[[ INFORMATION GIVEN open ]]
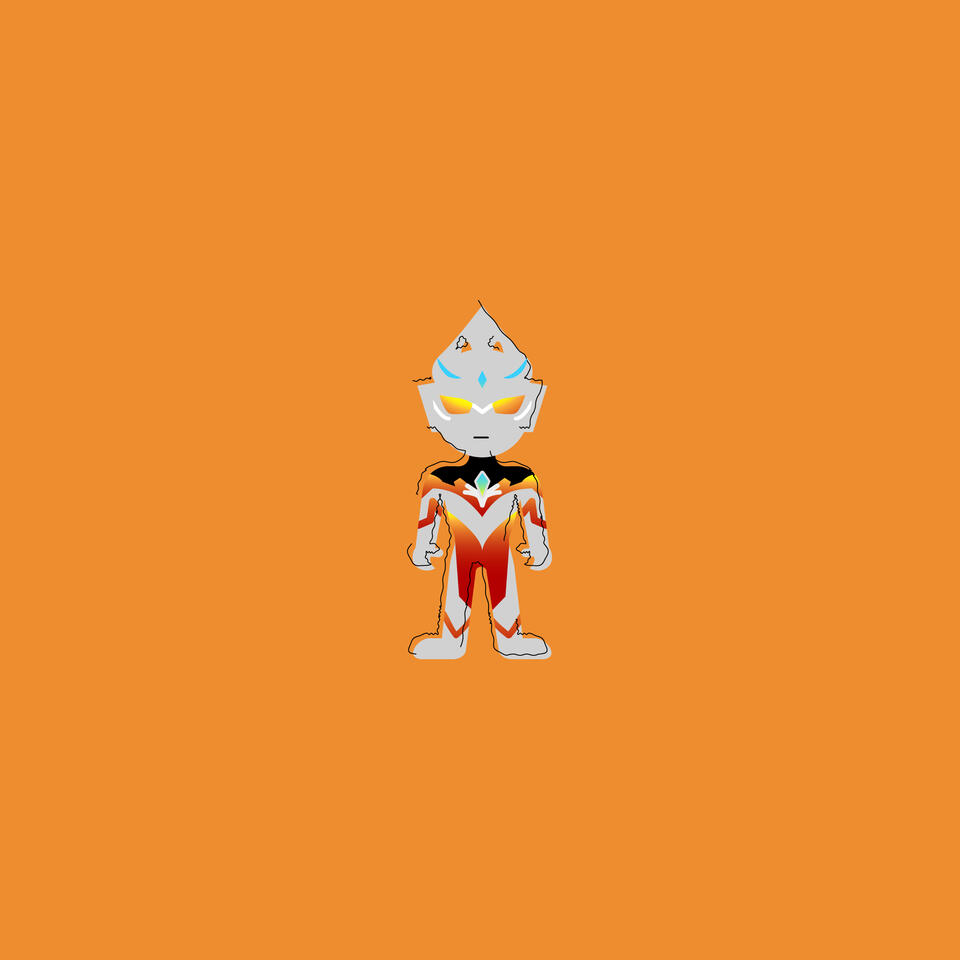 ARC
[[ INFORMATION GIVEN closed ]]
[[ INFORMATION GIVEN open ]]
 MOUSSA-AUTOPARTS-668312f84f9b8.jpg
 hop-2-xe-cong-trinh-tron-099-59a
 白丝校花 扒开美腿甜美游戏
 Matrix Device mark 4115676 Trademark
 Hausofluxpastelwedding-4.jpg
[[ INFORMATION GIVEN closed ]]
[[ INFORMATION GIVEN open ]]
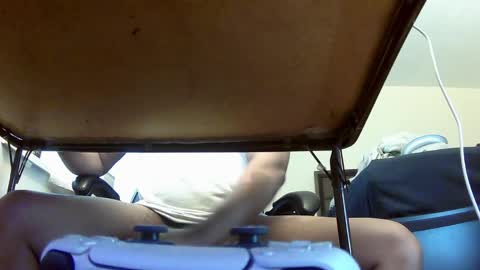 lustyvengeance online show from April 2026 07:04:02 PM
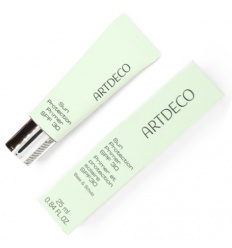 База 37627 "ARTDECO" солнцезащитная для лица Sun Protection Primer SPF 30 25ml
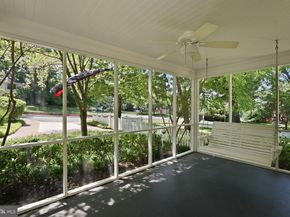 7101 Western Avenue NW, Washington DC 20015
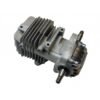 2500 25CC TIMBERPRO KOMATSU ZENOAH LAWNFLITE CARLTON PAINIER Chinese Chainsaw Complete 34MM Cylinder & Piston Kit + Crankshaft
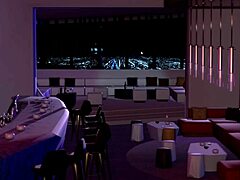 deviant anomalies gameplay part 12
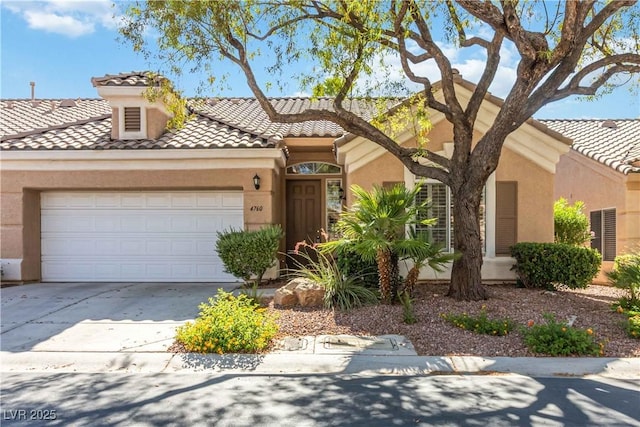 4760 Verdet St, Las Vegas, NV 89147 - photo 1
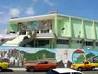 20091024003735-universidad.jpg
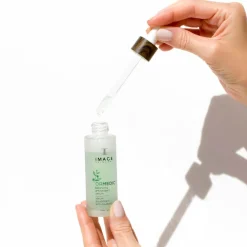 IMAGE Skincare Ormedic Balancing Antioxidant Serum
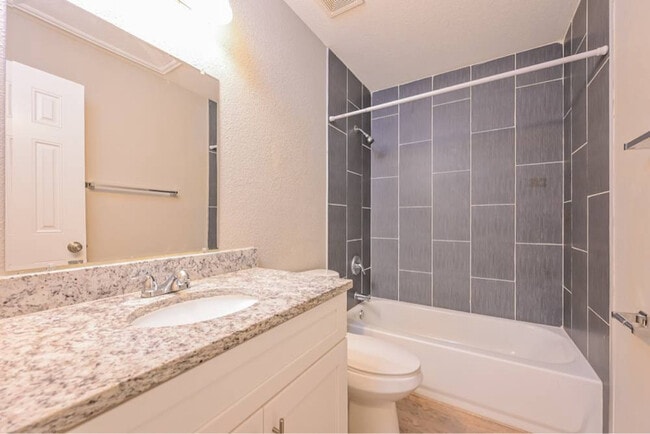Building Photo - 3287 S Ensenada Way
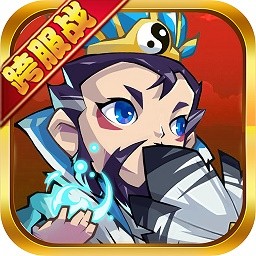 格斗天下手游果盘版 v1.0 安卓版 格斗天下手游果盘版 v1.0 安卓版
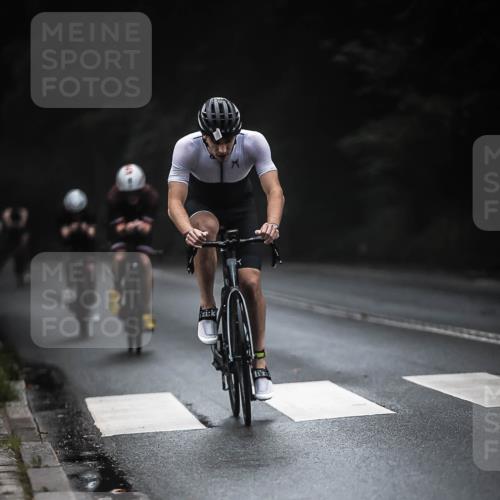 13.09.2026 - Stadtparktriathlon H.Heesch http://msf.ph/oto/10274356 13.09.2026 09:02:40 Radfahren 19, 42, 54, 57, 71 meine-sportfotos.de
[[ INFORMATION GIVEN closed ]]
- [ASSIGNED TASK]:
Copy out exactly the material that runs from the line with "4760 Verdet St, Las" to the line with "13.09.2026 - Stadtparktriathlon", ends included, and leave the pictures behind.

- [REPLY TO THE EXERCISE]:
 4760 Verdet St, Las Vegas, NV 89147 - photo 1
 20091024003735-universidad.jpg
 IMAGE Skincare Ormedic Balancing Antioxidant Serum
Building Photo - 3287 S Ensenada Way
 格斗天下手游果盘版 v1.0 安卓版 格斗天下手游果盘版 v1.0 安卓版
 13.09.2026 - Stadtparktriathlon H.Heesch http://msf.ph/oto/10274356 13.09.2026 09:02:40 Radfahren 19, 42, 54, 57, 71 meine-sportfotos.de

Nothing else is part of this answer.